Example: You might find something like:

Bias (intercept): 0.1500
MedInc: 0.6500
HouseAge: 0.0900
AveRooms: 0.2000
AveBedrms: -0.0500
Population: 0.0100
AveOccup: -0.0200
Latitude: 0.3000
Longitude: -0.1000

(This is purely illustrative—your actual numbers will differ.)

Here, MedInc likely stands out, followed by Latitude and AveRooms.

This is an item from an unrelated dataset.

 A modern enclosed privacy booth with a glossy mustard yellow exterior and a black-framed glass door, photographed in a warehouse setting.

Population or AveOccup might have smaller coefficients.


Full Summary

  1. Data Preparation:

    • We selected the 8 features [MedInc, HouseAge, AveRooms, AveBedrms, Population, AveOccup, Latitude, Longitude] and the target (MedHouseVal).
    • We applied 0–1 normalization to all.
    • Split 70/30 using train_test_split with random_state=265.
  2. SGD Implementation (from scratch):

    • Created an augmented design matrix to incorporate bias.
    • Iteratively updated weights sample by sample.
  3. Best Parameters:

    • Found by minimizing the MSE via multiple epochs.
    • Final weights are in w_final.
  4. Interpretation:

    • By looking at the magnitude and sign of the learned weights, we see which features (in scaled domain) correlate strongest with house prices.
    • Typically, Median Income is the strongest positive driver of house value.
    • Geographical location (latitude/longitude) also often has a strong effect.
  5. Performance:

    • Report both training MSE and test MSE.
    • If test MSE is close to training MSE, the model generalizes well.

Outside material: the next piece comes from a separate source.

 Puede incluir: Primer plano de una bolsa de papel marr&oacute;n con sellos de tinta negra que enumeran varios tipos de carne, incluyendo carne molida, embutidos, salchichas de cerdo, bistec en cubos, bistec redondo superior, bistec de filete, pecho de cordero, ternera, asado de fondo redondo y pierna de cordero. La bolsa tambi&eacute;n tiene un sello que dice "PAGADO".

This completes the assignment’s requirements: we used no direct optimization package, we performed SGD from scratch, normalized features, and reported/interpreted results.

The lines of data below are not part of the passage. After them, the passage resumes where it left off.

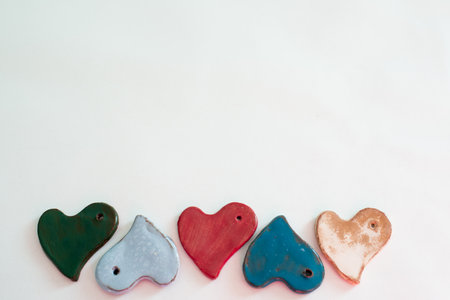 Diversity and love. Small ceramic heart shaped pieces. White backgroundの写真素材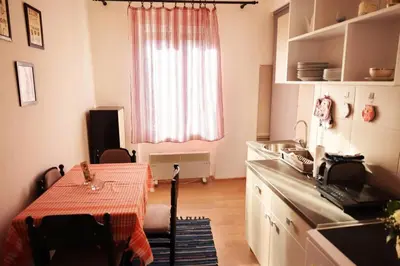 a kitchen with a table and a sink and a window at Viki Apartment CENTAR in Niš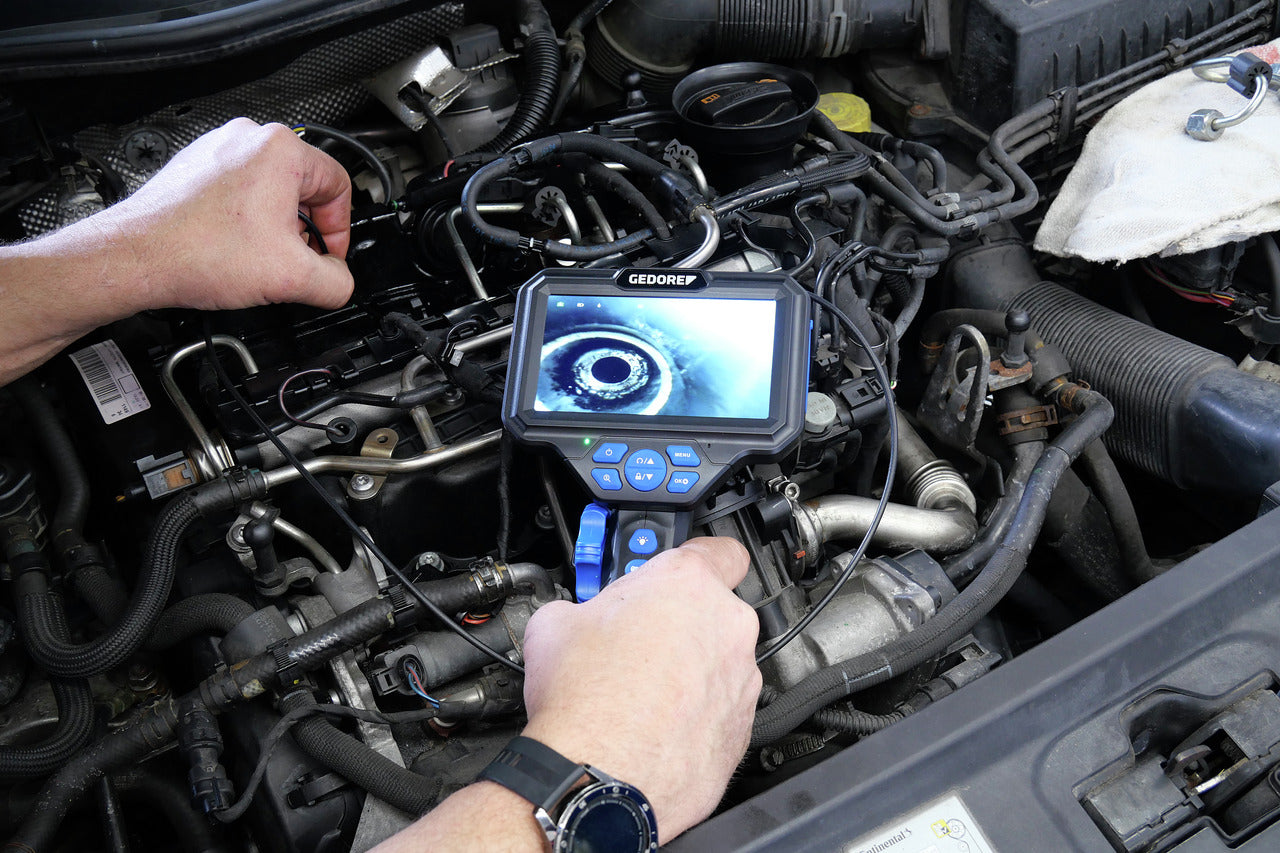the gedore micro videoscope in use by a mechanic on a vehicle's transmission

Potential Next Steps / Checks

  • You may experiment with different learning rates (0.001, 0.005, 0.01, 0.05, etc.) or different epochs to see how quickly the MSE converges and to avoid overshooting.
  • You could also do “mini-batch” SGD (e.g., batch size = 32 or 64) instead of pure SGD.
  • Because the data is normalized, a moderate learning rate often works well.

Done! You now have a fully operational stochastic gradient descent pipeline for linear regression on the California Housing dataset, and you’ve explored which features matter most for predicting house prices.